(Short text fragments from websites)
════
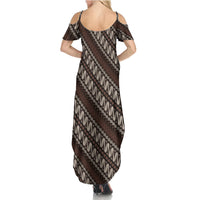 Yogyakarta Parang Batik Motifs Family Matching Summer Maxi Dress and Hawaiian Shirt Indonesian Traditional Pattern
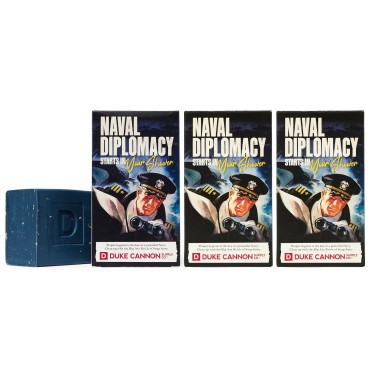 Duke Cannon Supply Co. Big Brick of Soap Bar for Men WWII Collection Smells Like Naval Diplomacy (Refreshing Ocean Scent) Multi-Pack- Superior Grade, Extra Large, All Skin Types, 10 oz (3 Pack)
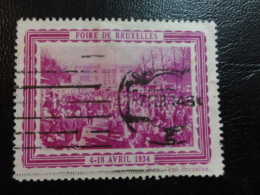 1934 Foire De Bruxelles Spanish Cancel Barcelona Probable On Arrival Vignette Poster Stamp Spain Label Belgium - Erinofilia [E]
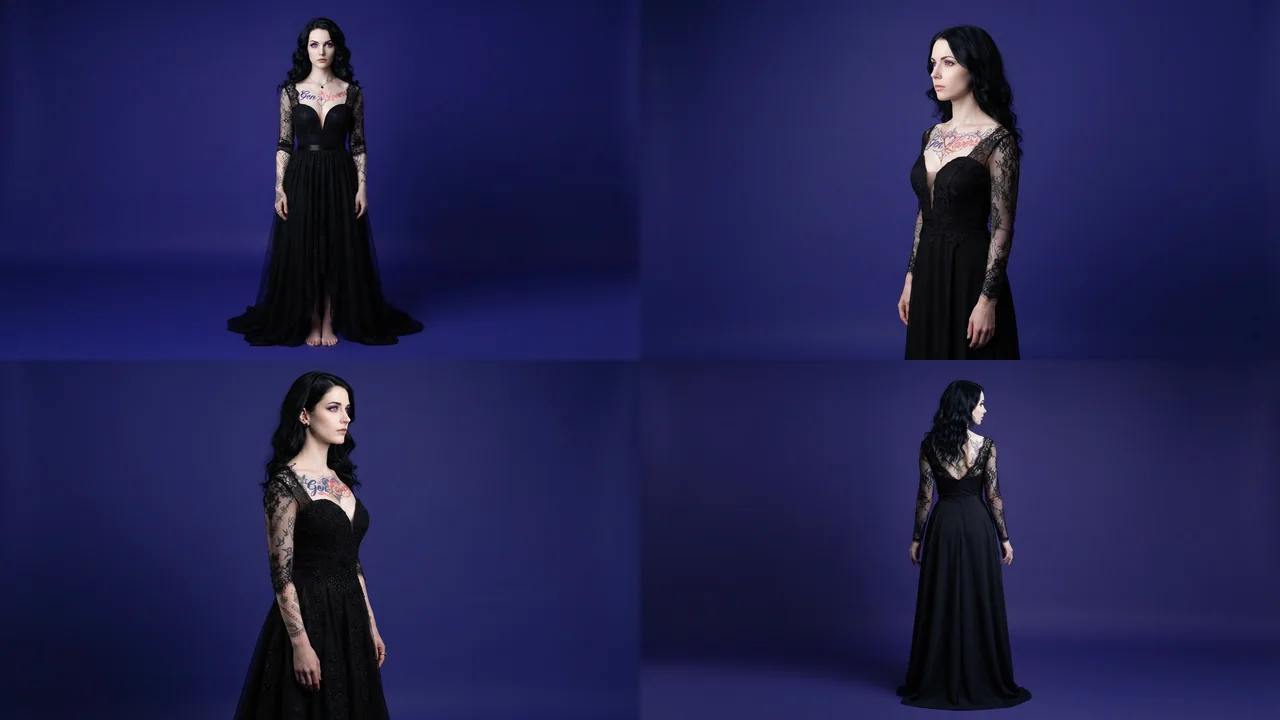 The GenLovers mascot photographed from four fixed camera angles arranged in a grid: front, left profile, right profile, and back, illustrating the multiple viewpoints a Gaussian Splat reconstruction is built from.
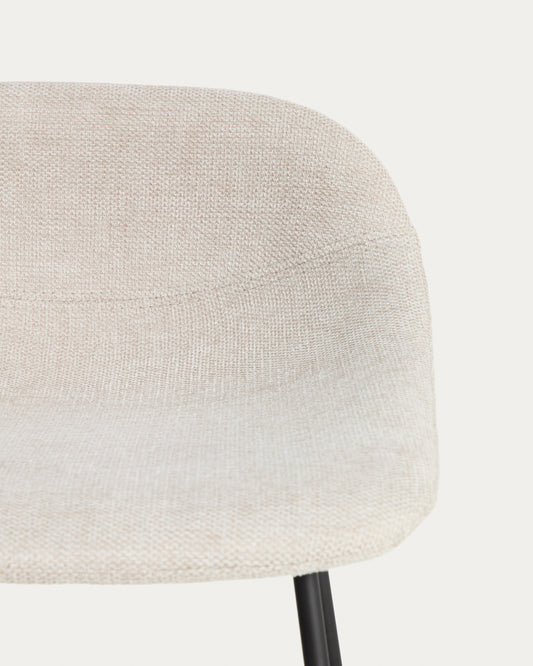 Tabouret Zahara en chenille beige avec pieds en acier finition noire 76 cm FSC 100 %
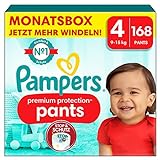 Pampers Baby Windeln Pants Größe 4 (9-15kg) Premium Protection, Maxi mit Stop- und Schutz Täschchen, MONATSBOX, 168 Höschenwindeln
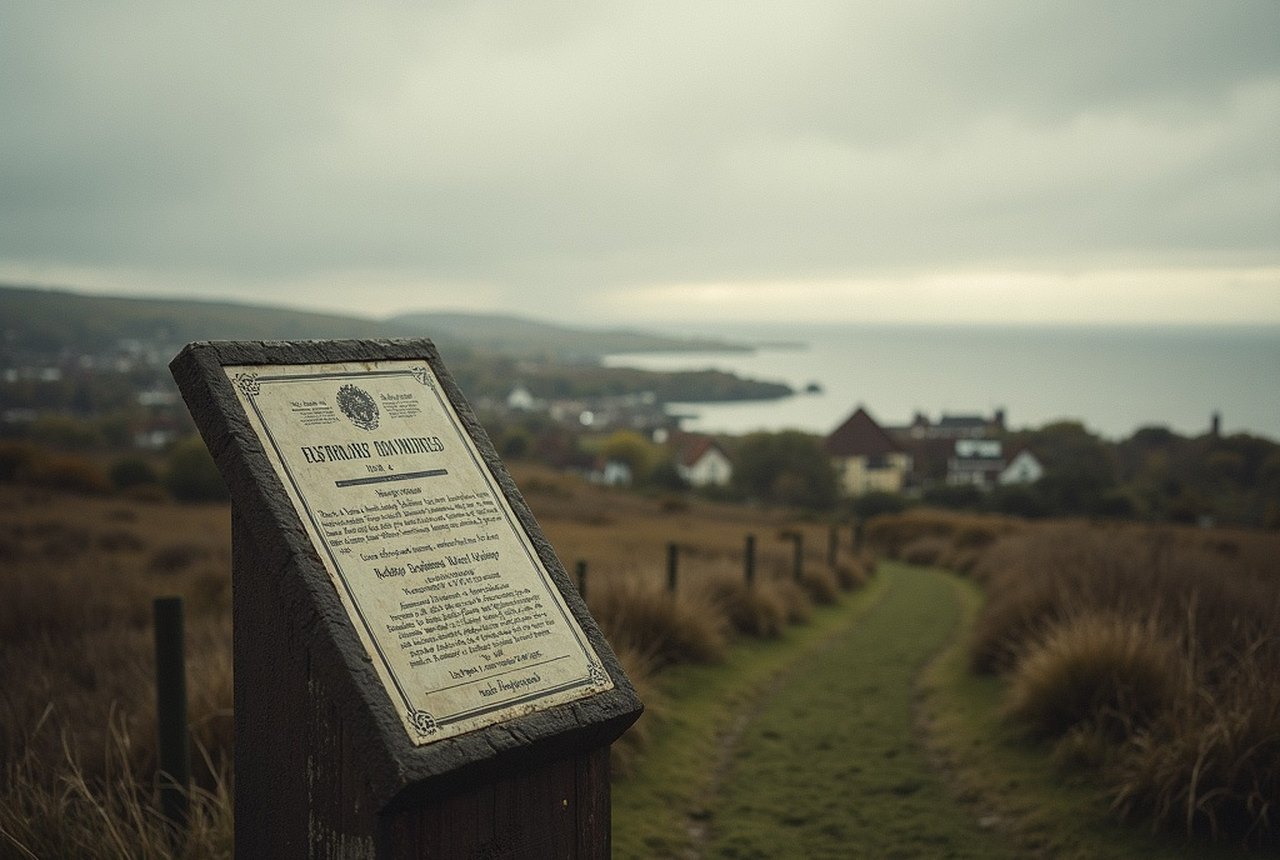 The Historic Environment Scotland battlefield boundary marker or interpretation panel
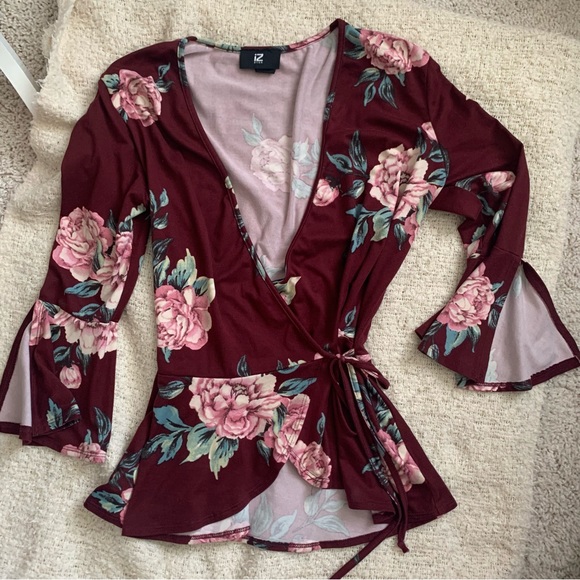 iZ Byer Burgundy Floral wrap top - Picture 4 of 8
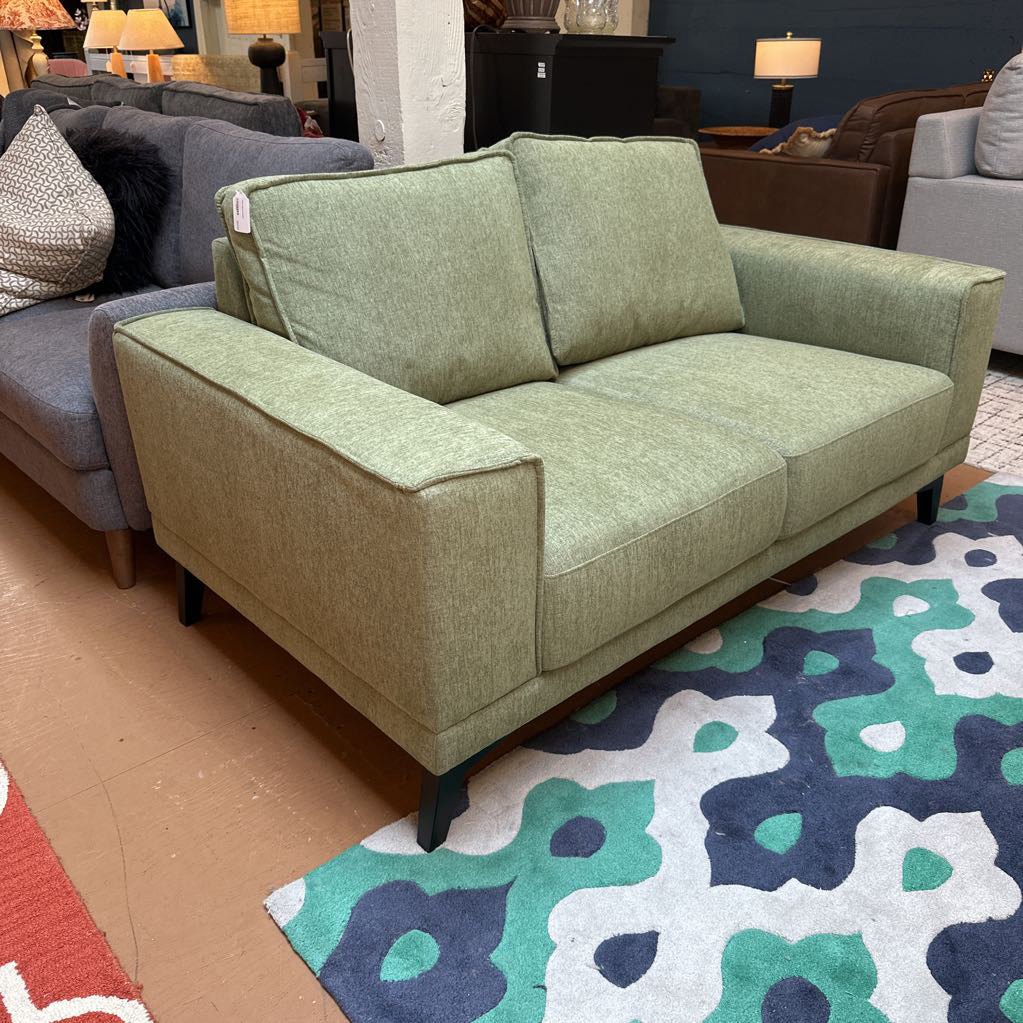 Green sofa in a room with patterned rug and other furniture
════
Each line from the first line of the records through the line containing "Pampers Baby Windeln" must be reproduced exactly, with both ends included and all pictures omitted; nothing else belongs in the answer.

Exercise output:
 Yogyakarta Parang Batik Motifs Family Matching Summer Maxi Dress and Hawaiian Shirt Indonesian Traditional Pattern
 Duke Cannon Supply Co. Big Brick of Soap Bar for Men WWII Collection Smells Like Naval Diplomacy (Refreshing Ocean Scent) Multi-Pack- Superior Grade, Extra Large, All Skin Types, 10 oz (3 Pack)
 1934 Foire De Bruxelles Spanish Cancel Barcelona Probable On Arrival Vignette Poster Stamp Spain Label Belgium - Erinofilia [E]
 The GenLovers mascot photographed from four fixed camera angles arranged in a grid: front, left profile, right profile, and back, illustrating the multiple viewpoints a Gaussian Splat reconstruction is built from.
 Tabouret Zahara en chenille beige avec pieds en acier finition noire 76 cm FSC 100 %
 Pampers Baby Windeln Pants Größe 4 (9-15kg) Premium Protection, Maxi mit Stop- und Schutz Täschchen, MONATSBOX, 168 Höschenwindeln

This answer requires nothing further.